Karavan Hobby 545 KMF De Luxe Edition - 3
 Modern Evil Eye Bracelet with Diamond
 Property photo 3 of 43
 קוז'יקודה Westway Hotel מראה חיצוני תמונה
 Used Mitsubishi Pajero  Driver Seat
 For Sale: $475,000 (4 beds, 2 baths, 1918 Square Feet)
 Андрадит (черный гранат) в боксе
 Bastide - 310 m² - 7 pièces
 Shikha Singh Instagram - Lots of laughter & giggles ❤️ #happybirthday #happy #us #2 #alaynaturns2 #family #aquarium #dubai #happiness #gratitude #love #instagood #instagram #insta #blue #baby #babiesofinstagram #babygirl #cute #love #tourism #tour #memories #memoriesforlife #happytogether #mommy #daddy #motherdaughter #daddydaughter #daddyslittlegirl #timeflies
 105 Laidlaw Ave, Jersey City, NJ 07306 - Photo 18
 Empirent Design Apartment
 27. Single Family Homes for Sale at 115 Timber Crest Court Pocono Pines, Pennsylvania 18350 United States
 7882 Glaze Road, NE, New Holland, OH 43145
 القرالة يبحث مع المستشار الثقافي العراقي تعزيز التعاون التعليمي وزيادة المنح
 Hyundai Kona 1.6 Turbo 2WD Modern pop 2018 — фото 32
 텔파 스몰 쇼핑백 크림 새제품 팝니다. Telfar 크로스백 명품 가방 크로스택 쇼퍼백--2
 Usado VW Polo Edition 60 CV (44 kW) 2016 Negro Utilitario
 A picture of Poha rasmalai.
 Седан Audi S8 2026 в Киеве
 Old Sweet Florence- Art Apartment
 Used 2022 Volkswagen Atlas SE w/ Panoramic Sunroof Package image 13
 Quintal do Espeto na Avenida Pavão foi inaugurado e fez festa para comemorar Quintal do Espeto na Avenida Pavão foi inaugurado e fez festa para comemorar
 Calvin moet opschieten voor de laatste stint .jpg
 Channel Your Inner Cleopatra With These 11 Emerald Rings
..............................
#### To do
All the data is to be copied over exactly as it stands.

#### Result of the task
Karavan Hobby 545 KMF De Luxe Edition - 3
 Modern Evil Eye Bracelet with Diamond
 Property photo 3 of 43
 קוז'יקודה Westway Hotel מראה חיצוני תמונה
 Used Mitsubishi Pajero  Driver Seat
 For Sale: $475,000 (4 beds, 2 baths, 1918 Square Feet)
 Андрадит (черный гранат) в боксе
 Bastide - 310 m² - 7 pièces
 Shikha Singh Instagram - Lots of laughter & giggles ❤️ #happybirthday #happy #us #2 #alaynaturns2 #family #aquarium #dubai #happiness #gratitude #love #instagood #instagram #insta #blue #baby #babiesofinstagram #babygirl #cute #love #tourism #tour #memories #memoriesforlife #happytogether #mommy #daddy #motherdaughter #daddydaughter #daddyslittlegirl #timeflies
 105 Laidlaw Ave, Jersey City, NJ 07306 - Photo 18
 Empirent Design Apartment
 27. Single Family Homes for Sale at 115 Timber Crest Court Pocono Pines, Pennsylvania 18350 United States
 7882 Glaze Road, NE, New Holland, OH 43145
 القرالة يبحث مع المستشار الثقافي العراقي تعزيز التعاون التعليمي وزيادة المنح
 Hyundai Kona 1.6 Turbo 2WD Modern pop 2018 — фото 32
 텔파 스몰 쇼핑백 크림 새제품 팝니다. Telfar 크로스백 명품 가방 크로스택 쇼퍼백--2
 Usado VW Polo Edition 60 CV (44 kW) 2016 Negro Utilitario
 A picture of Poha rasmalai.
 Седан Audi S8 2026 в Киеве
 Old Sweet Florence- Art Apartment
 Used 2022 Volkswagen Atlas SE w/ Panoramic Sunroof Package image 13
 Quintal do Espeto na Avenida Pavão foi inaugurado e fez festa para comemorar Quintal do Espeto na Avenida Pavão foi inaugurado e fez festa para comemorar
 Calvin moet opschieten voor de laatste stint .jpg
 Channel Your Inner Cleopatra With These 11 Emerald Rings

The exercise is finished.